Global Stocks Edgy as Soaring Bond Yields Stir Concerns

Nigerian Bussinessmen

World equities market stayed edgy on Thursday, April 26, with shares eking out gains amid concern over the global economic outlook and with U.S. bond yields at four-year highs after breaking above the psychologically significant 3 percent line this week.

Investors will be watching the European Central Bank later for clues on when it will signal an end-date for its 2.55 trillion euro ($3.2 trillion) asset-buying program.

Equities enjoyed strong gains in South Korea, where electronics conglomerate and key tech bellwether Samsung posted record quarterly profits, while Japan’s Nikkei added 0.5 percent.

On Wednesday, the U.S. Dow Jones benchmark snapped a five-day losing streak thanks to more strong corporate earnings. While the Nasdaq tech index fell again, it could benefit from a strong after-market rise in Facebook which posted forecast-beating results.

Equity futures were tipping Nasdaq to open 0.4 percent higher while the other two indexes are seen only marginally higher.
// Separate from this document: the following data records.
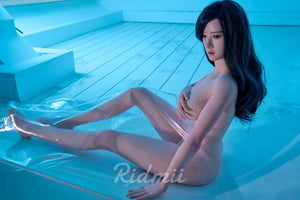 Muncey sex pop (Ridmii Doll 163cm C-Cup TPE+Silicone)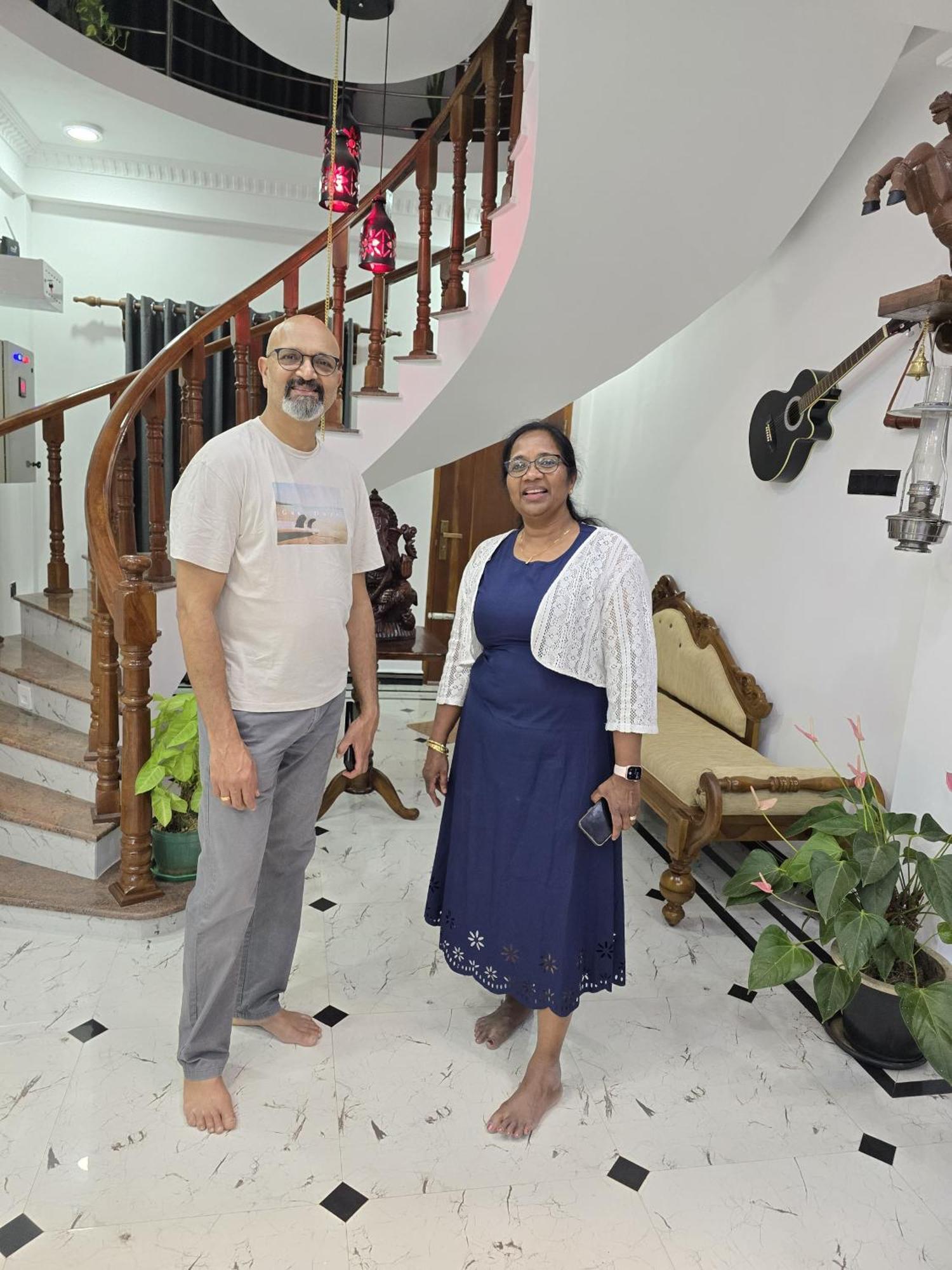 Munril Guest Apartment Jaffna Luaran gambar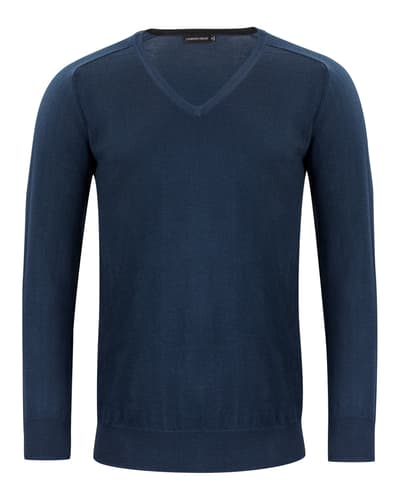 J. Harvest & Frost Merino V miesten merinovillaneule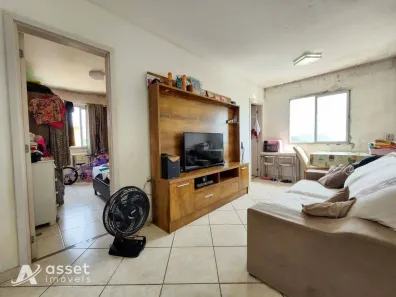 Apartamento com 2 Quartos à venda, 50m² no Largo da Batalha, Niterói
But the momentum fizzed in Europe where shares flatlined near one-week lows, as a mixed set of earnings weighed, including a 79 percent profit drop at Deutsche Bank.

All that kept MSCI’s all-country equity index only marginally in the black after five straight days of losses.

Investors remain cautious even though company after company, especially in the United States, has posted record-shattering first quarter results. Instead, signs of ebbing economic growth momentum are preying on their minds, alongside higher global borrowing costs that could dent future earnings.

Oil’s 11 percent rise this year, on top of last year’s 18 percent jump, is adding to inflation fears.

“The music is still playing and we are still dancing, but we are reducing risk,” said Pau Morilla-Giner, chief investment officer at London & Capital.

“The worry is about an overheating, leading to a rise in inflation, higher interest rates which bring on a textbook recession.”

Ten-year Treasury yields, the reference rate for global borrowing, extended their yield surge. Having risen around 25 basis points since early-April, the yield is a whisker off the 3.041 percent mark that would be a new four-year high.

The yield has risen for six straight days – the longest upward run since September 2017, according to Reuters data, Reuters reports.